Johann Jakob Sturz, anglisiert John James Sturz, Pseudonym Germano-Brasilicus, als brasilianischer Staatsbürger João Diogo Sturz (* 7. Dezember 1800 in Frankfurt am Main; † 4. Dezember 1877 in Friedenau, Landkreis Teltow), war ein deutsch-brasilianischer Bergbauingenieur und Publizist. Als Kolonisator und Kolonialpolitiker rief er deutsche Auswanderer in die brasilianischen Provinzen Bahia, Espírito Santo, Minas Gerais, Rio Grande do Sul und Santa Catarina. Das Kaiserreich Brasilien vertrat er von 1843 bis 1858 als Generalkonsul für Preußen in Berlin. Als Generalkonsul von Uruguay in Preußen (1863–1865) warb er anschließend für deutsche Ansiedlungen am Río de la Plata.

Sturz wurde als jüngster von zwölf Söhnen eines bayerischen Landesdirektionsrats in Frankfurt am Main geboren. Sein Vater verstarb früh. Im Hause seiner Mutter verkehrten der Geograph Carl Ritter und der Philosoph Friedrich Wilhelm Joseph Schelling. Letzterer soll ihn auch als Lehrer unterrichtet haben. Zum Kaufmann ausgebildet unternahm er eine Geschäftsreise nach Mexiko. Nach Europa zurückgekehrt studierte er in England Bergbau und Maschinenwesen.
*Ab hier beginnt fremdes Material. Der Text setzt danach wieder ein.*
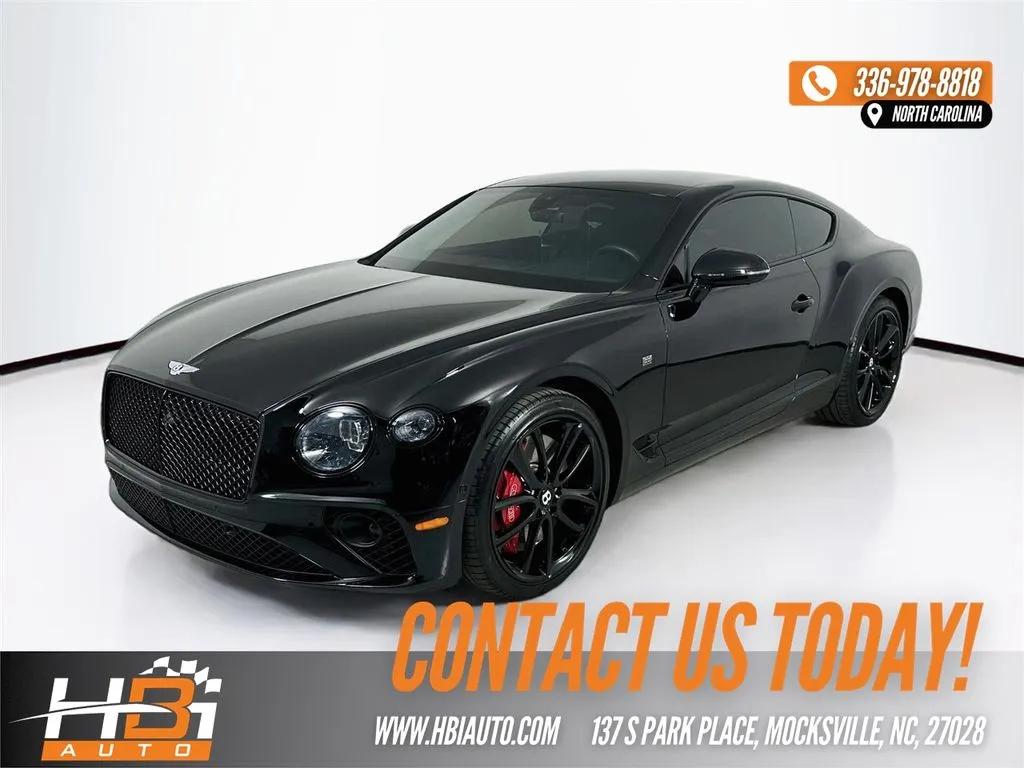 bentley continental gt 2020 SCBCG2ZG1LC080094 image bentley continental gt 2020 SCBCG2ZG1LC080094 image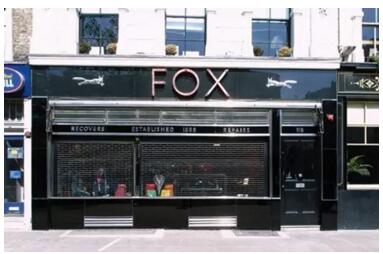 下雨用的大雨伞,下雨专用伞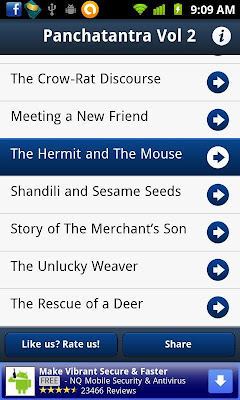 101 HR Interview Questions and Answers 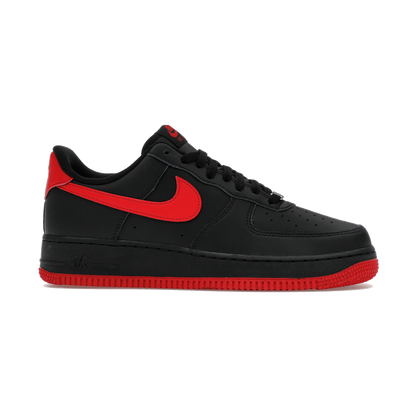 Nike Air Force 1 Low '07 LV8 Vamps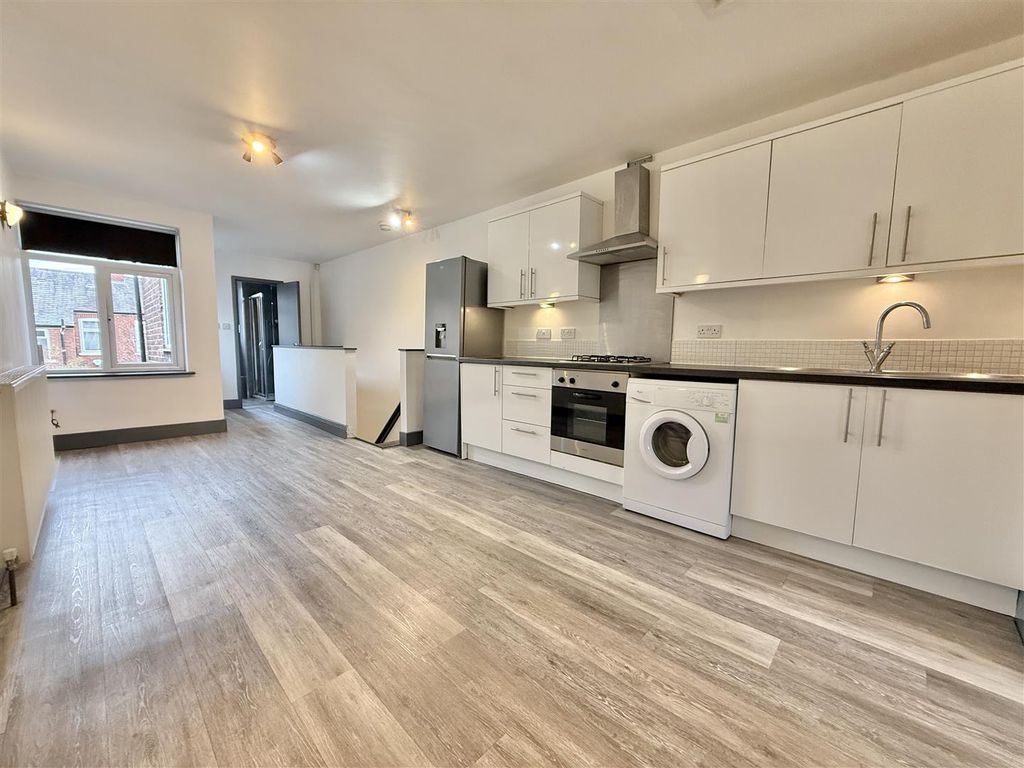 Property photo 1 of 5 Img_3147.Jpg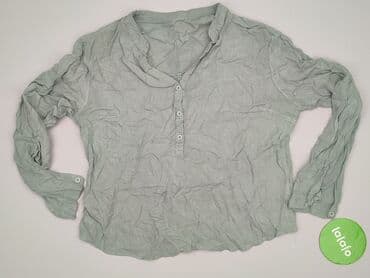 Women: Women's blouse, M — 2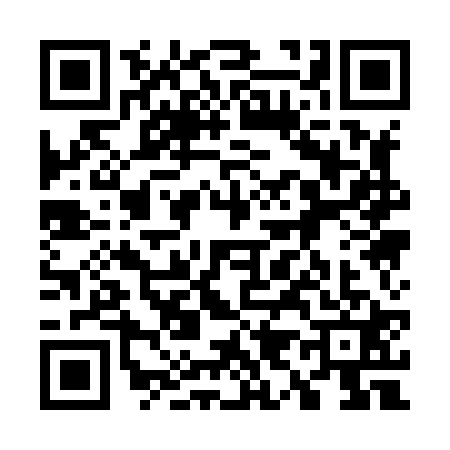 QR code for 7918211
Nach einer Bereisung Brasiliens wurde er 1830 technischer Leiter eines großen mexikanischen Silberbergbaubetriebes. Eine Londoner Gesellschaft engagierte ihn sodann für Führungsaufgaben im brasilianischen Goldabbau. Mitte der 1830er Jahre betrieb er mittels seiner 1833 in London gegründeten Companhia de Navegação, Comércio e Colonização do Rio Doce (Companhia do Rio Doce, Rio Doce Company) eine Kolonisation am Rio Doce.[1] 1836 gewährte ihm die Provinz Bahia Privilegien zur ausschließlichen Schifffahrt auf dem Fluss.[2] 1838 erwirkte er für eine englische Dampfschifffahrtsgesellschaft die Erlaubnis zum Befahren weiterer Flüsse, auch für den Postdienst auf dem Amazonas. Er wandte sich gegen die Sklaveneinfuhr nach Brasilien und sprach sich für die Einwanderung aus Europa aus. Hierzu stand er unter anderem in enger Korrespondenz mit Hermann Blumenau,[3] den er für die Auswanderung nach Brasilien begeistert hatte. In Fragen der Peuplierung Brasiliens gewann er Einfluss, der bis ins Parlament und in die Regierung sowie in die kaiserliche Familie reichte. 1839 wurde er unter dem Namen João Diogo Sturz brasilianischer Staatsbürger.[4][5]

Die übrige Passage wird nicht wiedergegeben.